=== RECORDED INFORMATION ===

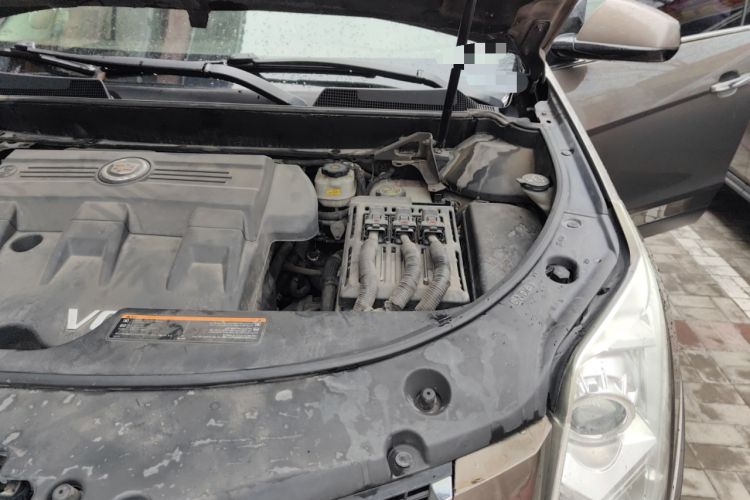 Used Cadillac SRX 2014 3.0L Elite Model Engine Bay Left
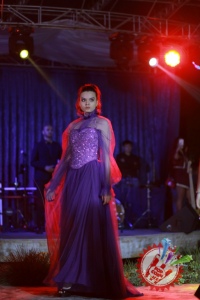 Муниса Ризаева ўзи яратган либослари тўпламининг тадимотини ўтказди (Фоторепортаж)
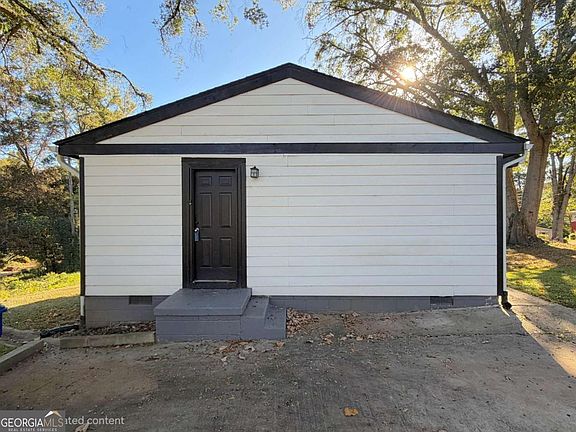 5th image of 2621 Abner Pl NW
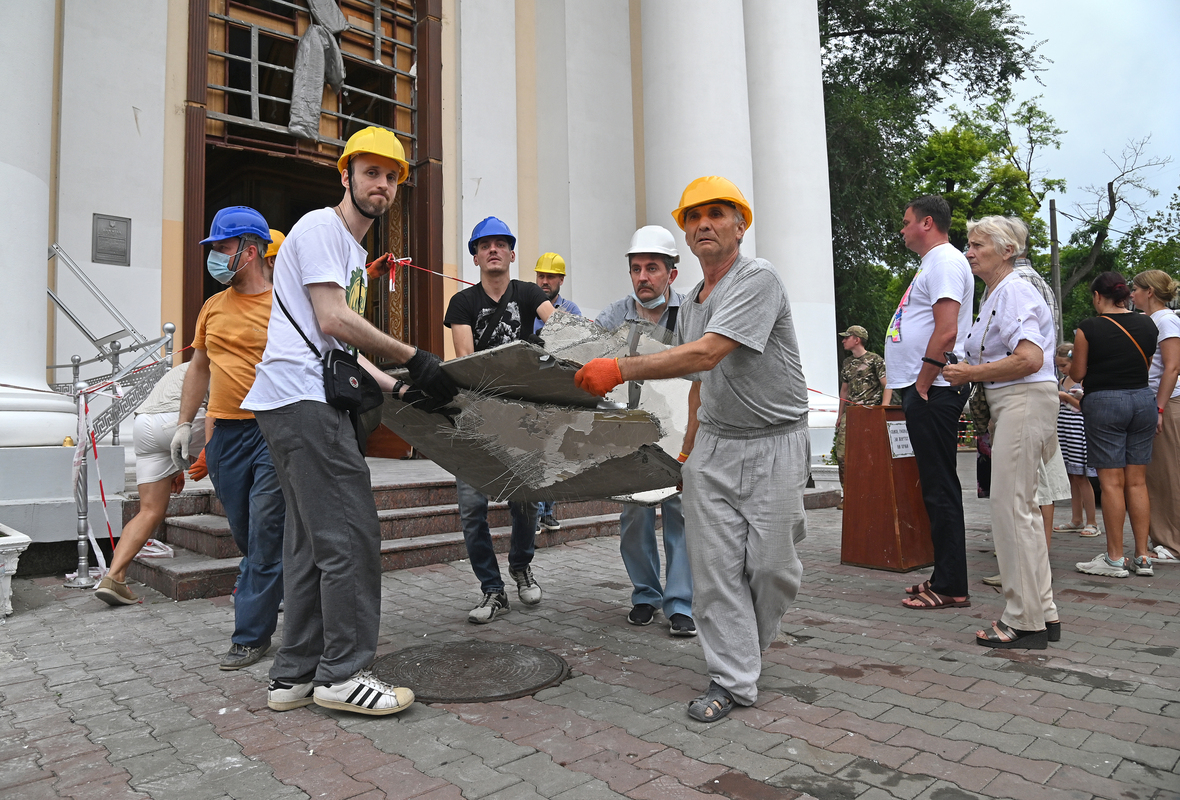 люди возле собора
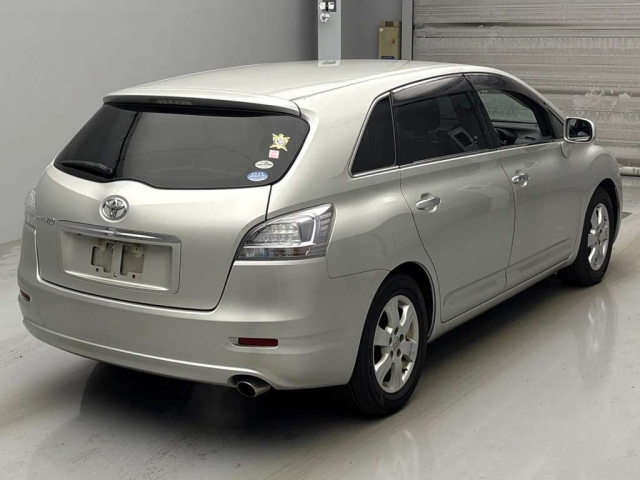 TOYOTA MARK X ZIO 2010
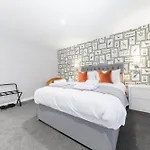 Chequers Lodge- Dalton-in- Furness- Self Check In- For Professionals And Tourists Dalton in Furness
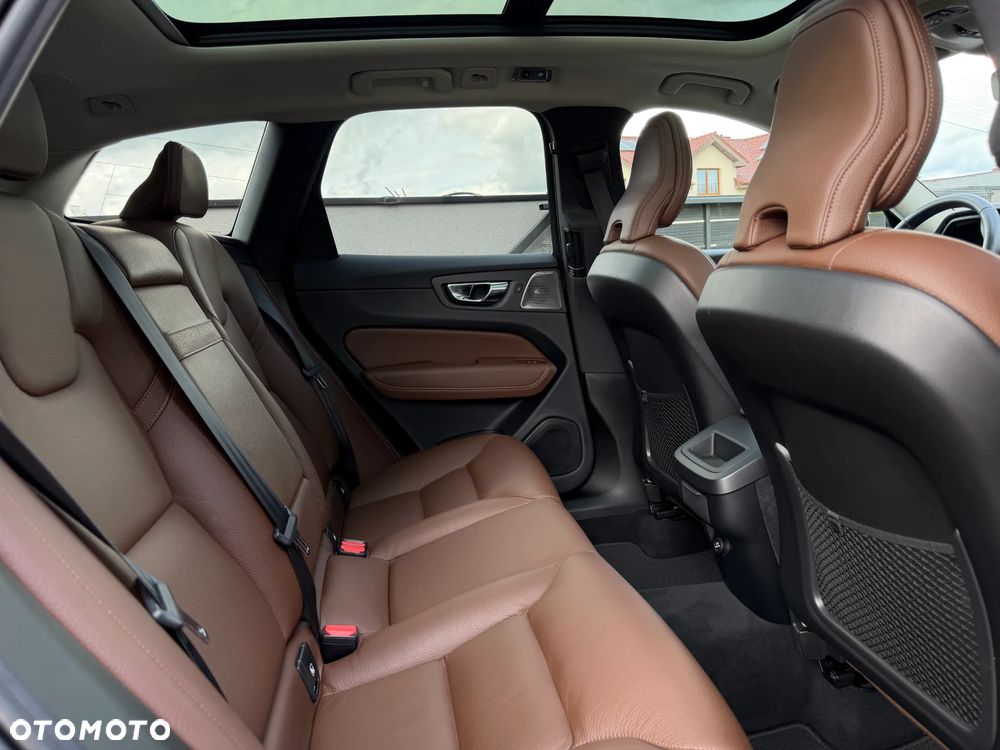 Volvo XC 60 B5 B AWD Inscription - 23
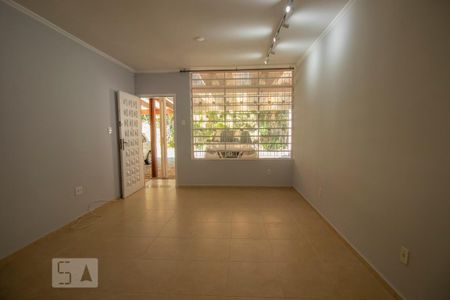 Sala de casa de condomínio para alugar com 4 quartos, 140m² em Vila Mascote, São Paulo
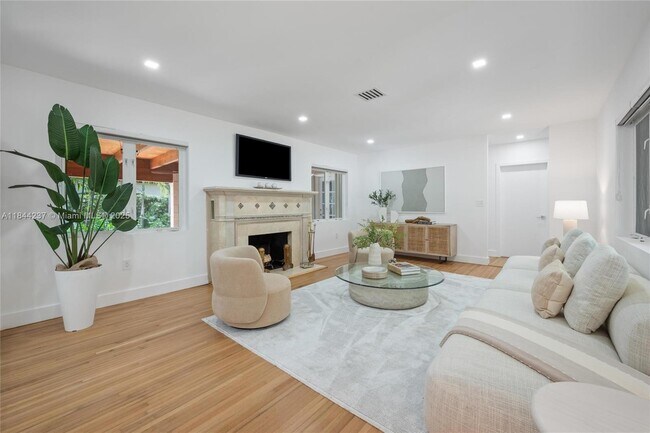 Foto del edificio - 5211 Granada Blvd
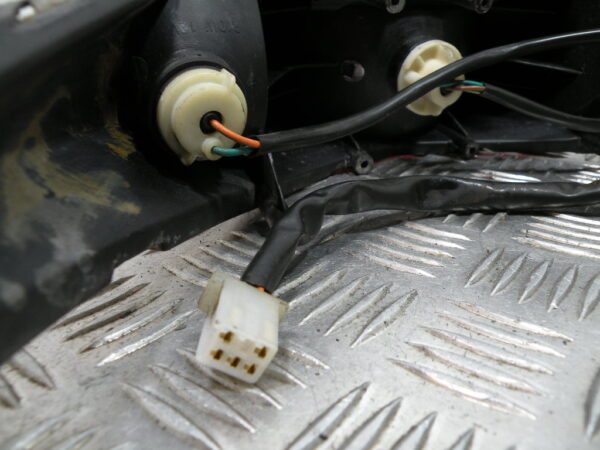 Feu arrière PEUGEOT SUM UP 125 4t -2008-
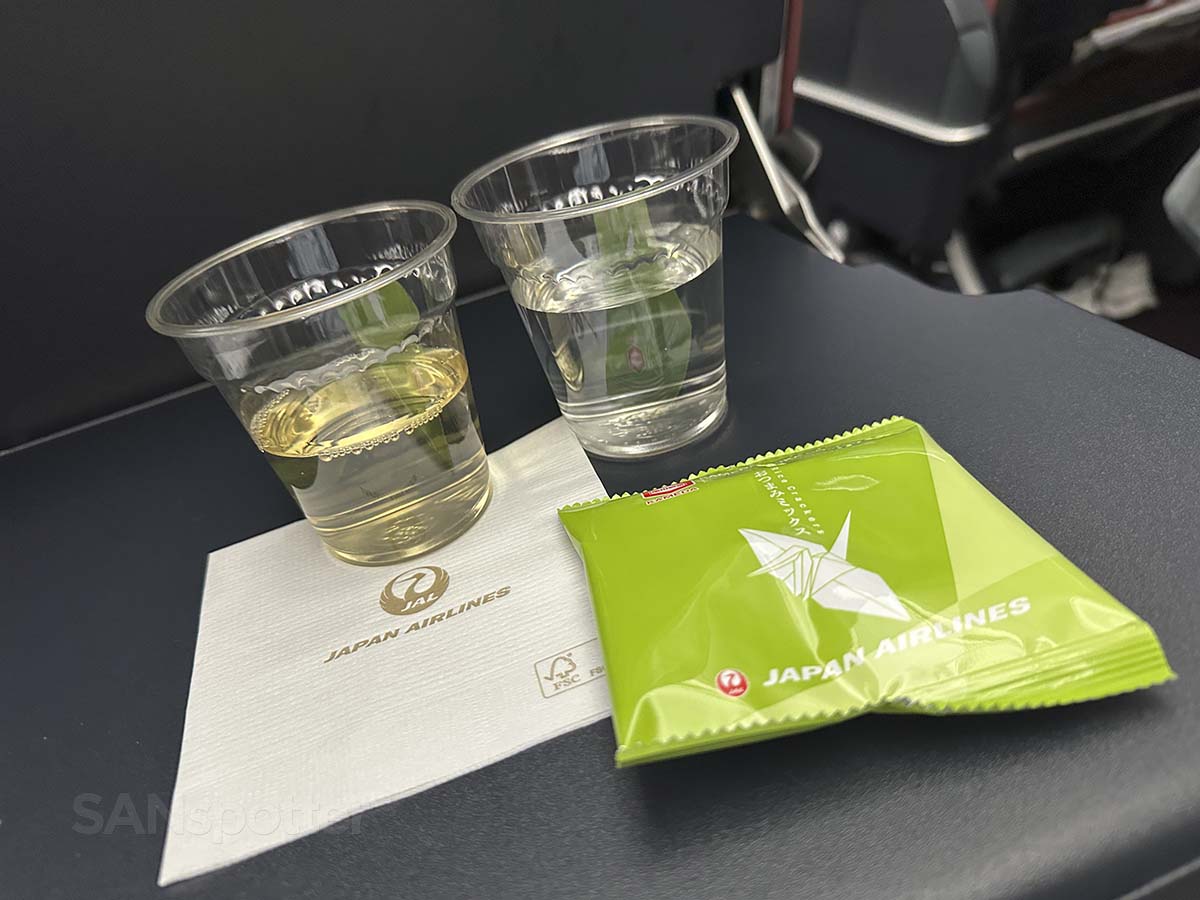 Pre meal drink and snack service in JAL A350-1000 Premium Economy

=== EXERCISE ===
Return all records above verbatim without their pictures.

=== REPLY ===
 Used Cadillac SRX 2014 3.0L Elite Model Engine Bay Left
 Муниса Ризаева ўзи яратган либослари тўпламининг тадимотини ўтказди (Фоторепортаж)
 5th image of 2621 Abner Pl NW
 люди возле собора
 TOYOTA MARK X ZIO 2010
 Chequers Lodge- Dalton-in- Furness- Self Check In- For Professionals And Tourists Dalton in Furness
 Volvo XC 60 B5 B AWD Inscription - 23
 Sala de casa de condomínio para alugar com 4 quartos, 140m² em Vila Mascote, São Paulo
 Foto del edificio - 5211 Granada Blvd
 Feu arrière PEUGEOT SUM UP 125 4t -2008-
 Pre meal drink and snack service in JAL A350-1000 Premium Economy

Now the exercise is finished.